# [Exercise input]
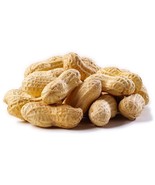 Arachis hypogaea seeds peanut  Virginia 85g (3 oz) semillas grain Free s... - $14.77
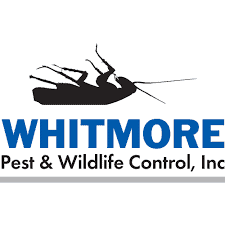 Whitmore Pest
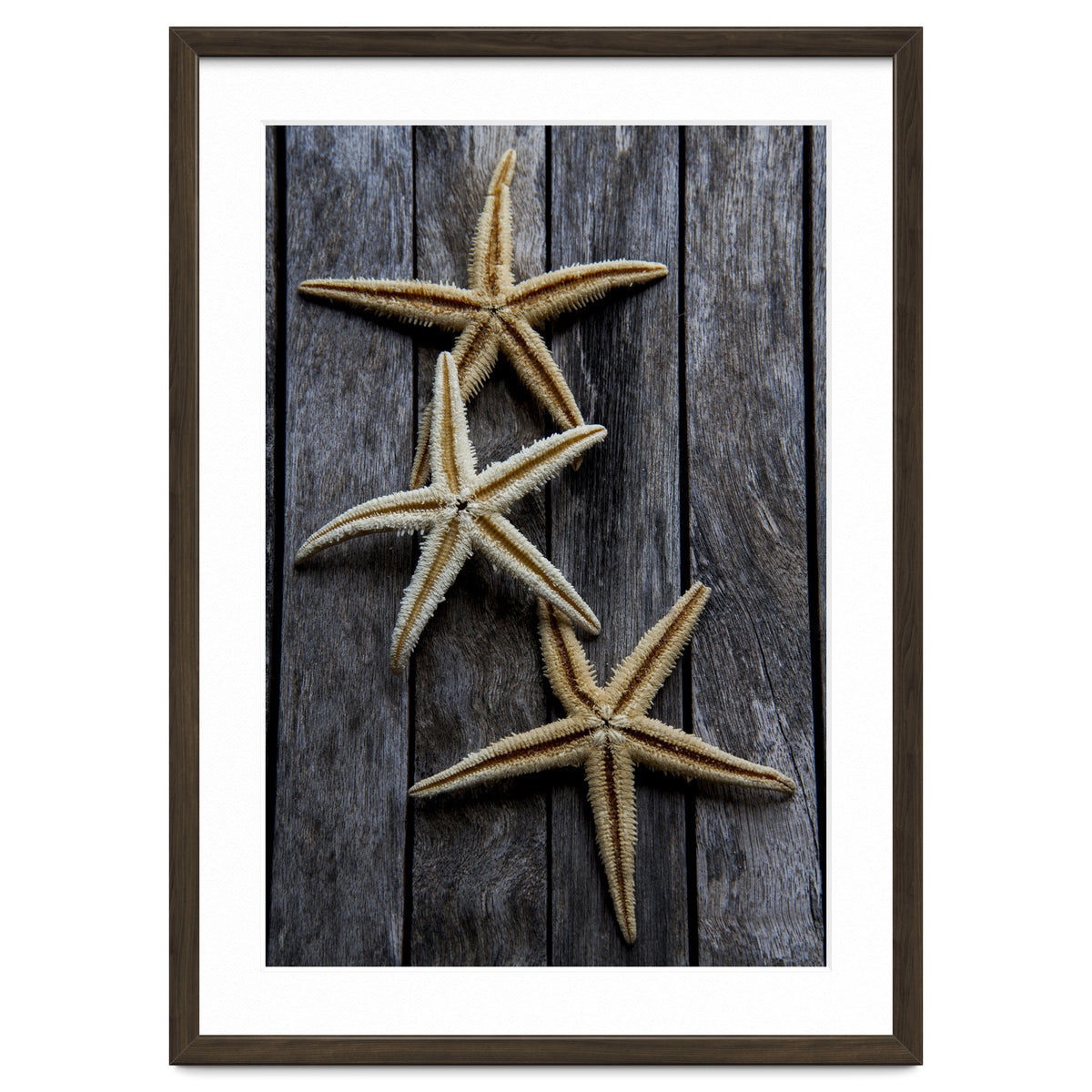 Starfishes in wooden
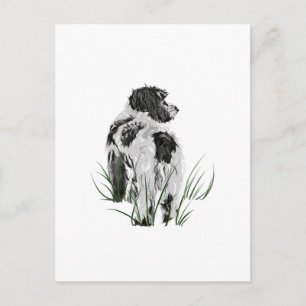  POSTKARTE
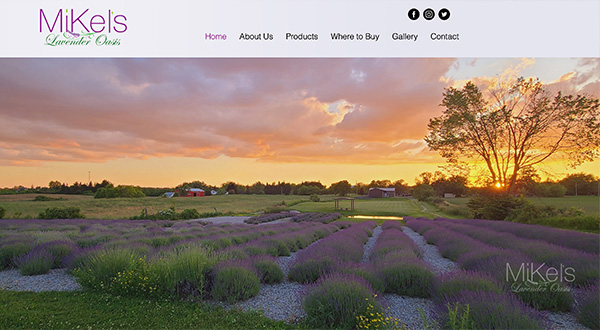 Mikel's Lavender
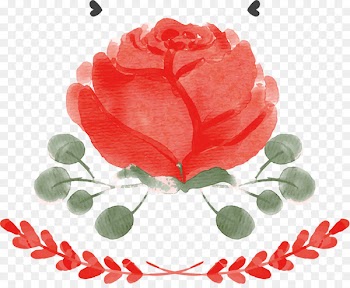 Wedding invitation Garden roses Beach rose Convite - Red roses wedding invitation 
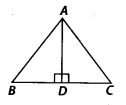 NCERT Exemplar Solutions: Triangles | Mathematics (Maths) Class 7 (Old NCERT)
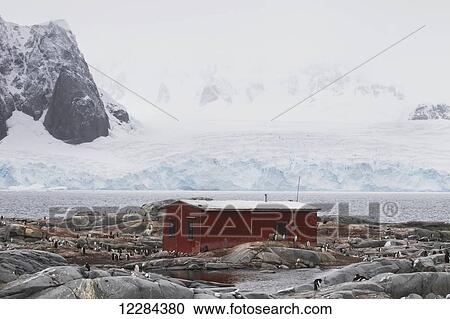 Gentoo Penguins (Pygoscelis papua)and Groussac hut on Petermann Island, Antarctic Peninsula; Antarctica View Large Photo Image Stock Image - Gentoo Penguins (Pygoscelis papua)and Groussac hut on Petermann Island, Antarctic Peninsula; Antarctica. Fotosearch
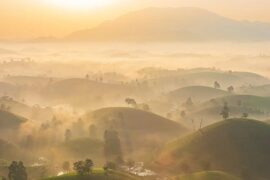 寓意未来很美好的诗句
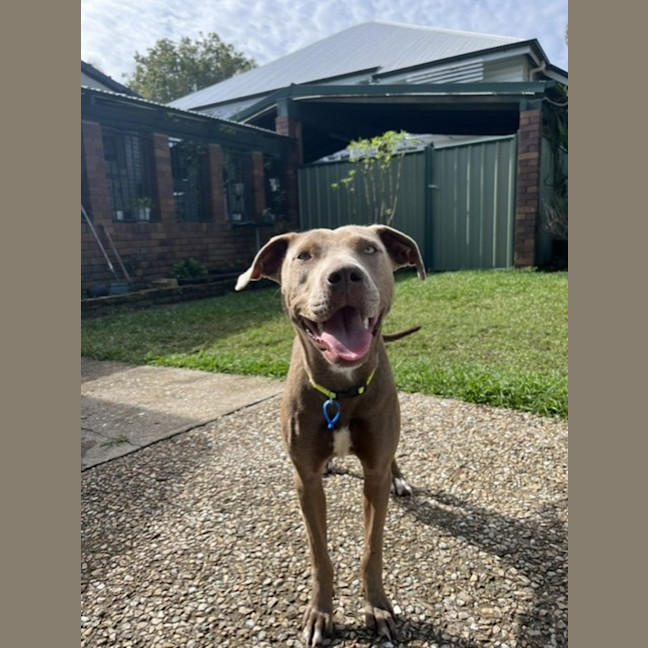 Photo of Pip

# [What the task asks]
Would you reproduce the lines from the one with "Mikel's Lavender" through the final line of the data above, exactly and only those, without any pictures?

# [Response area]
 Mikel's Lavender
 Wedding invitation Garden roses Beach rose Convite - Red roses wedding invitation 
 NCERT Exemplar Solutions: Triangles | Mathematics (Maths) Class 7 (Old NCERT)
 Gentoo Penguins (Pygoscelis papua)and Groussac hut on Petermann Island, Antarctic Peninsula; Antarctica View Large Photo Image Stock Image - Gentoo Penguins (Pygoscelis papua)and Groussac hut on Petermann Island, Antarctic Peninsula; Antarctica. Fotosearch
 寓意未来很美好的诗句
 Photo of Pip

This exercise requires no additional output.